*** Block opens ***

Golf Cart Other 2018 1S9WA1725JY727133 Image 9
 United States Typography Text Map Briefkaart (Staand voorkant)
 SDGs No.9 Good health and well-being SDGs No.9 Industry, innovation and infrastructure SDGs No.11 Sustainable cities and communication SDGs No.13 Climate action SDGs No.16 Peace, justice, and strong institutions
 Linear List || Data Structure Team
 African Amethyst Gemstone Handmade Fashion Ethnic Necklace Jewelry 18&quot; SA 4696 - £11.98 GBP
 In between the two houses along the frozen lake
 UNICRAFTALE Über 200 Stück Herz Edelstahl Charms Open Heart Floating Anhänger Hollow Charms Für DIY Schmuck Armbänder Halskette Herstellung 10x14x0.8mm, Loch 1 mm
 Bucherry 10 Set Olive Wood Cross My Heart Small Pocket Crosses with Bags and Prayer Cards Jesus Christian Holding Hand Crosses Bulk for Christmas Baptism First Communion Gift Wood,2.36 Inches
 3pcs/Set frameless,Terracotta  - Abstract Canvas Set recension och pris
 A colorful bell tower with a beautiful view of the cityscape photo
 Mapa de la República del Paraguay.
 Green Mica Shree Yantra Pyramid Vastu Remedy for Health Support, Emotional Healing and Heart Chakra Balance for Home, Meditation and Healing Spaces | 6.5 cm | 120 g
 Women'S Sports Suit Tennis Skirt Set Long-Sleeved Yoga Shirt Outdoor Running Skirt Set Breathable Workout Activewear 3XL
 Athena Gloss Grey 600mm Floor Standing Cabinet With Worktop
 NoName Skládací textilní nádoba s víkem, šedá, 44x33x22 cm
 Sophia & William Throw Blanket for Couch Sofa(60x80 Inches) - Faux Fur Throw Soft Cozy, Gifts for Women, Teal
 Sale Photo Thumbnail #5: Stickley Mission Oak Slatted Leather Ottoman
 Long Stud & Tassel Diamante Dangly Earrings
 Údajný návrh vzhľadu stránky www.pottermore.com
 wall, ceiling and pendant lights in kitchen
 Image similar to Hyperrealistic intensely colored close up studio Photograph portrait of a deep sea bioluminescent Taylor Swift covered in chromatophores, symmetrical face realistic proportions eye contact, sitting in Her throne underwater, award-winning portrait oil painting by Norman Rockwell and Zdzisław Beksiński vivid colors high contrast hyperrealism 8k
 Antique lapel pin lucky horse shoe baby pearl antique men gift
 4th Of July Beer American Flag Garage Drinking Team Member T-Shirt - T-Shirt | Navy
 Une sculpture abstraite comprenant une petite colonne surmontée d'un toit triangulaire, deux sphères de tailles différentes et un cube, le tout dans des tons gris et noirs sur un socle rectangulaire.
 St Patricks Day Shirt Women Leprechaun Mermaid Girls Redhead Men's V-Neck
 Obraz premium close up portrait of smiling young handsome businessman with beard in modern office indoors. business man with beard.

*** Block closes ***

The problem:
Beginning with the line that has "recension och pris" and ending with the line that has "Sale Photo Thumbnail", set down the lines above exactly and include no others.

Answer:
 3pcs/Set frameless,Terracotta  - Abstract Canvas Set recension och pris
 A colorful bell tower with a beautiful view of the cityscape photo
 Mapa de la República del Paraguay.
 Green Mica Shree Yantra Pyramid Vastu Remedy for Health Support, Emotional Healing and Heart Chakra Balance for Home, Meditation and Healing Spaces | 6.5 cm | 120 g
 Women'S Sports Suit Tennis Skirt Set Long-Sleeved Yoga Shirt Outdoor Running Skirt Set Breathable Workout Activewear 3XL
 Athena Gloss Grey 600mm Floor Standing Cabinet With Worktop
 NoName Skládací textilní nádoba s víkem, šedá, 44x33x22 cm
 Sophia & William Throw Blanket for Couch Sofa(60x80 Inches) - Faux Fur Throw Soft Cozy, Gifts for Women, Teal
 Sale Photo Thumbnail #5: Stickley Mission Oak Slatted Leather Ottoman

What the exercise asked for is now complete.